Material provided ->
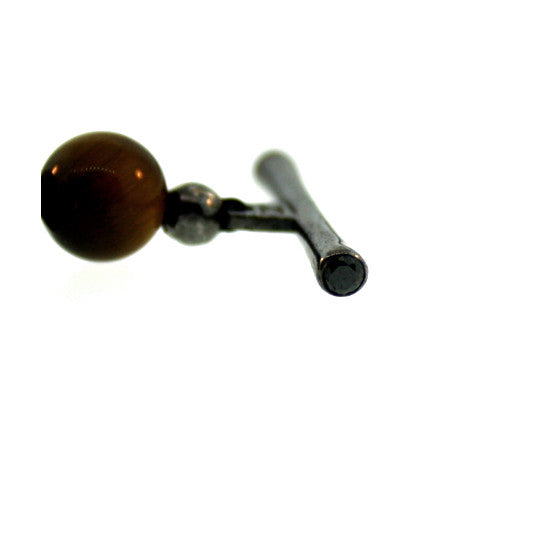 Tigers Eye 8mm Spirit Bead Necklace Silver Black Diamonds - Mander Jewelry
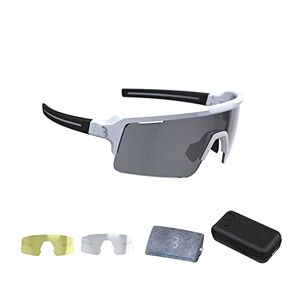 BBB Cycling Lunettes de vélo Unisexes pour Adulte Lunettes de Sport Modernes Grand Verre Grilamid VTT Vélo de Route Gravier Femme et Homme Blanc Fuse , Blanc Mat, Taille Unique - Publicité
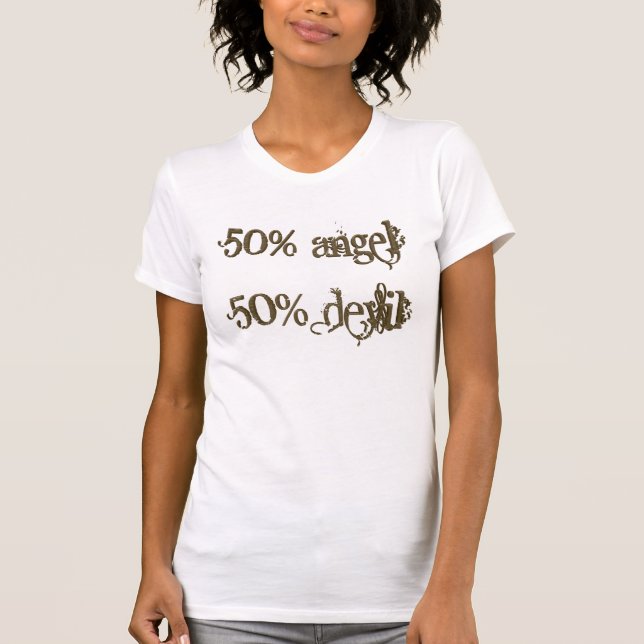 Demi de T-shirt de diable de demi d'ange (Devant)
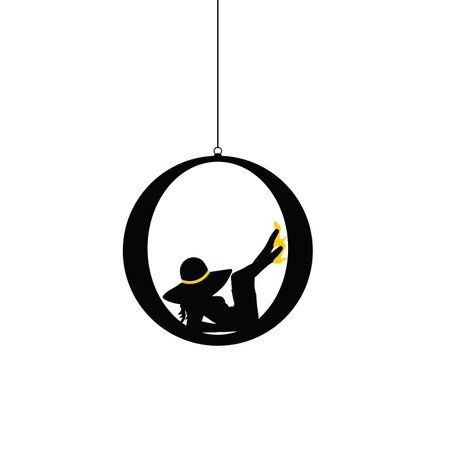 girl body with yellow hat silhouette illustration in black colorのイラスト素材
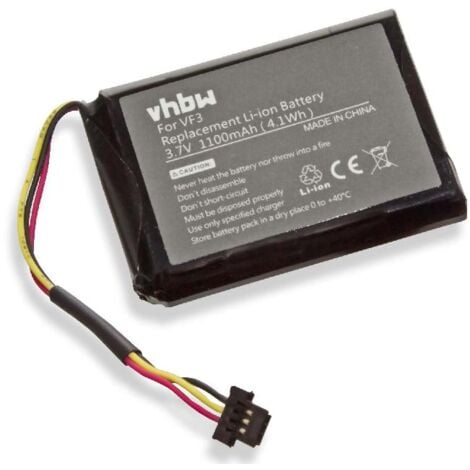 vhbw Battery Replacement for TomTom FMB0829021142, R2 for GPS Navigation System Sat Nav (1100mAh, 3.7V, Li-Ion)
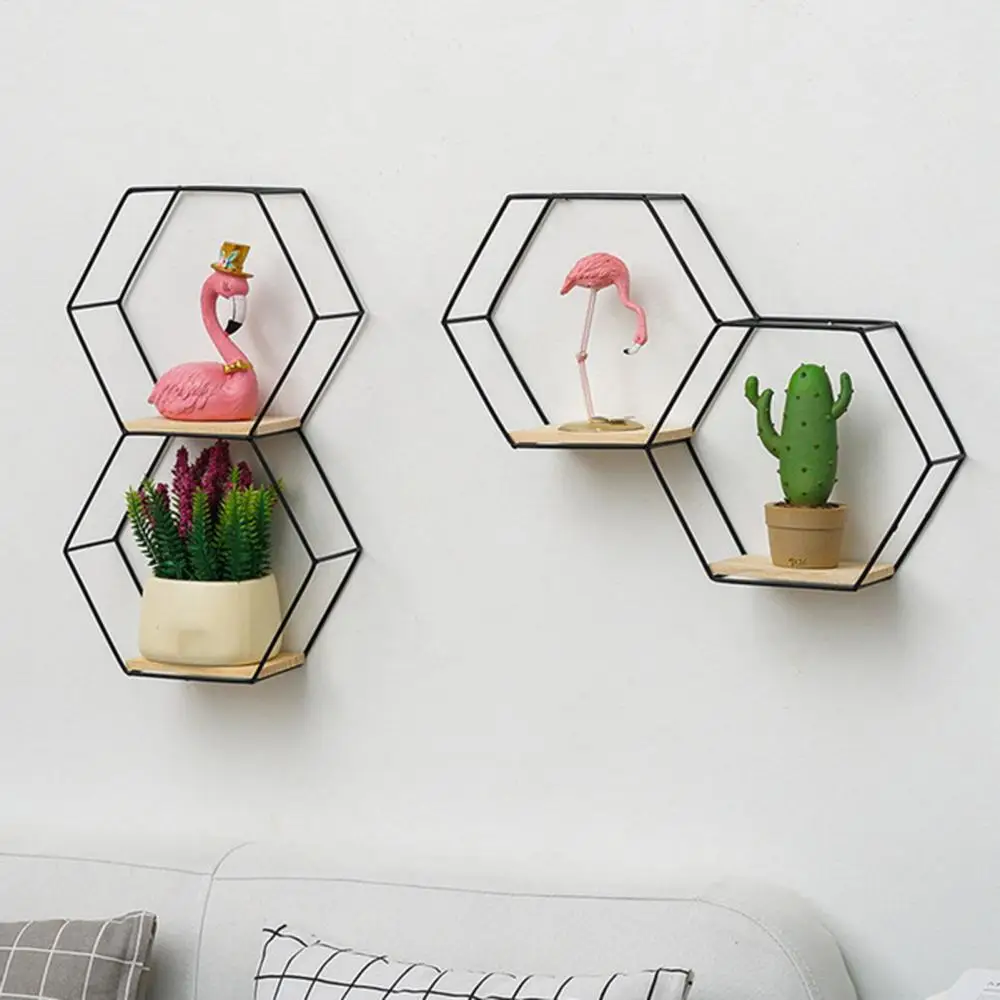 

2021 Nordic Style Hexagon Iron Stand Wall-mounted Home Shelf Storage Holder Decorative Shelves for Storing Small Sundries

Task prompt -> Retype the listing verbatim, minus every image.

Answer to this task ->
 Tigers Eye 8mm Spirit Bead Necklace Silver Black Diamonds - Mander Jewelry
 BBB Cycling Lunettes de vélo Unisexes pour Adulte Lunettes de Sport Modernes Grand Verre Grilamid VTT Vélo de Route Gravier Femme et Homme Blanc Fuse , Blanc Mat, Taille Unique - Publicité
 Demi de T-shirt de diable de demi d'ange (Devant)
 girl body with yellow hat silhouette illustration in black colorのイラスト素材
 vhbw Battery Replacement for TomTom FMB0829021142, R2 for GPS Navigation System Sat Nav (1100mAh, 3.7V, Li-Ion)

2021 Nordic Style Hexagon Iron Stand Wall-mounted Home Shelf Storage Holder Decorative Shelves for Storing Small Sundries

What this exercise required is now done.